**PROVIDED RECORDS**:
-- Opening Marker --

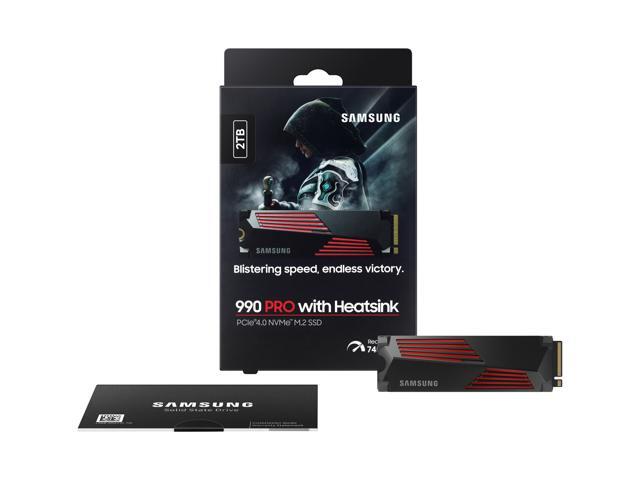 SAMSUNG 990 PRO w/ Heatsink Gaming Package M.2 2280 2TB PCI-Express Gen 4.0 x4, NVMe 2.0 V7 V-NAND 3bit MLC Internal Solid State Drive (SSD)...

-- Closing Marker --
-- Opening Marker --

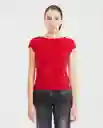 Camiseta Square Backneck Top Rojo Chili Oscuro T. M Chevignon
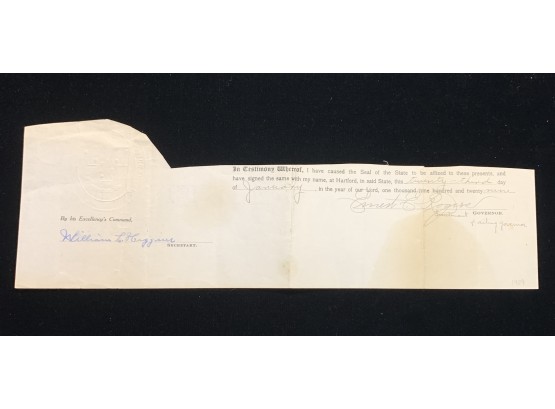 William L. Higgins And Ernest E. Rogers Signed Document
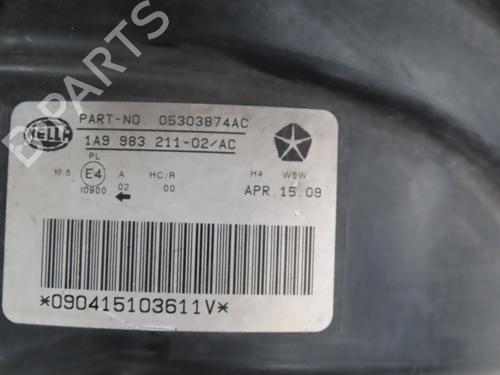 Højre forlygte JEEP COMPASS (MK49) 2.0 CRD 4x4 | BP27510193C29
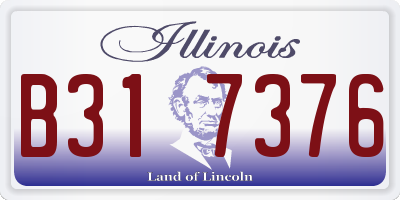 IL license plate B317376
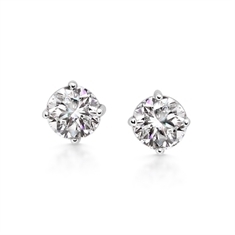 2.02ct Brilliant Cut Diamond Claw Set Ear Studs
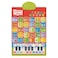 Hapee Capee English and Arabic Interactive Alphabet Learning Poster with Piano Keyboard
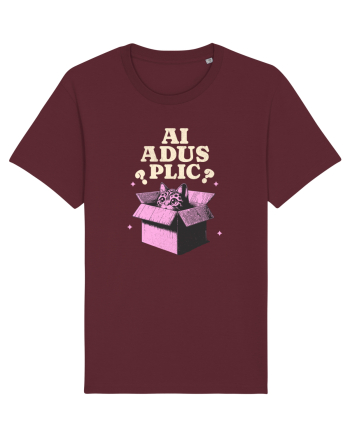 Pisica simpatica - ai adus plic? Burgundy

-- Closing Marker --

**TASK GOAL**: Working from the records above, set down word for word everything from the line containing "William L. Higgins" down to the line containing "Pisica simpatica - ai adus plic? Burgundy", ends included, minus the pictures.

**ANSWER SPACE**:
 William L. Higgins And Ernest E. Rogers Signed Document
 Højre forlygte JEEP COMPASS (MK49) 2.0 CRD 4x4 | BP27510193C29
 IL license plate B317376
 2.02ct Brilliant Cut Diamond Claw Set Ear Studs
 Hapee Capee English and Arabic Interactive Alphabet Learning Poster with Piano Keyboard
 Pisica simpatica - ai adus plic? Burgundy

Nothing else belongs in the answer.